いつも月夜に本と酒

ライトノベルの感想を中心に興味のあることを日々つらつらと書き連ねるブログです。



「狼と香辛料 XXII Spring Log V」支倉凍砂(電撃文庫)

湯屋をセリムたちに任せ、再び旅に出た元行商人ロレンスと賢狼ホロ。道中、小銭両替のため訪れたヴァラン司教領で、懐かしき人物――エルサとの再会が二人を待っていた。
司祭となったエルサは、教会の財産整理のため司教領に赴いたという。そして両替の見返りとして、一度踏み入れば生きては帰れない、呪われた山の調査をロレンスに頼む。

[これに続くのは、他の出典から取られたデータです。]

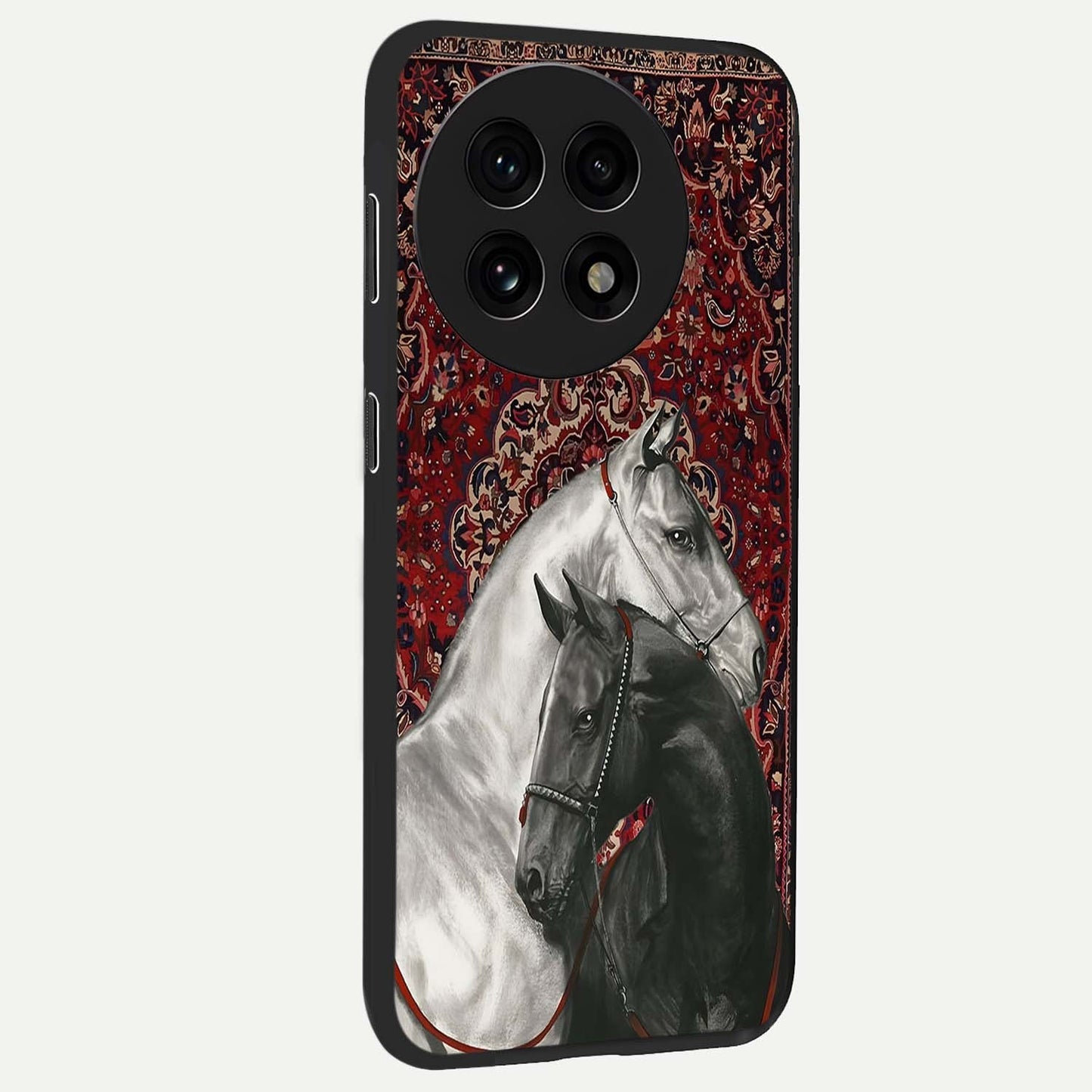 Regal Stallion Tapestry Glass Case for 1+13R side perspective highlighting intricate equestrian textures and premium edges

そこには“錬金術師と堕天使”の秘密が隠されていて――!?
さらに、借金地獄に陥った町をロレンスが商人の勘で救う、経済ファンタジーの面白さが詰まった中編に加え、ホロたちの娘ミューリと、聖職者志望の青年コルの結婚式(!?)の書きおろし中編を収録。
幸せであり続ける物語、第5弾!

その後を描いたSpring Logも早いものでもう5冊目。
久しぶりのロレンスとホロの旅の続きの中編が二編と、『羊皮紙』の中編が一編の計三編。


狼とどんぐりのパン
内容:旅先のヴァラン司教領でエルサと再会。彼女の抱える問題を解決する。

旧友との再会、珍しく狼の姿の方が長いホロ、栗鼠の化身に懐かれるなど濃い内容だったのだけど、それを差し置いて目を引くのが、クースラとフェネシスの(『マグダラで眠れ』)の足跡。
色々とやらかした跡が見える、伝聞や絵画の伝説に苦笑い。二人のニヒルな笑みと困った顔が思い浮かぶ。それと、同じ世界観で前の時代なのは匂わせていた記憶があるけれど、5~60年前という明確な数字が出てきたのには驚いた。
最後に一つ、声を大にして言いたい。
「猫に弱いのは天使じゃなくてお前だろ!」



狼と尻尾の輪舞
内容:エルサと連れ立って大市へ。

1話目が二重三重の意味で懐かしい話だったのに対し、こちらは商人らしい話。
経済においてお金は血流、滞ったら健康を害する。ということがよくわかる。あとはホウレンソウの大切さ。
ロレンスが活躍するのは珍しくないのけど、結論が見えた上で、途中慌てることなく的確に動いているのは珍しいような(失礼
ホロの涙は意外だった。結婚生活長いし、その辺はもう割り切れているものだと。
いつもべったりなロレンスとホロに対する、エルサの呆れ8割羨ましさ2割の夫婦評が面白い。



狼たちの結婚式
内容:町で出会った貴族の結婚式に立ち会うコルとミューリ

ミューリは出さないと抜けないのか、便利だな。(毛
前の話に続いて日々のコミュニケーションとホウレンソウの大切さを噛み締める話。
この話は出てくる人たちがみんないい人たちなので、笑い話でいい話になっているが、彼らの疑心暗鬼どおりに悪意が入っていたらと思うと……。
麺すくいを櫛にするつもりなの!? 痛そう。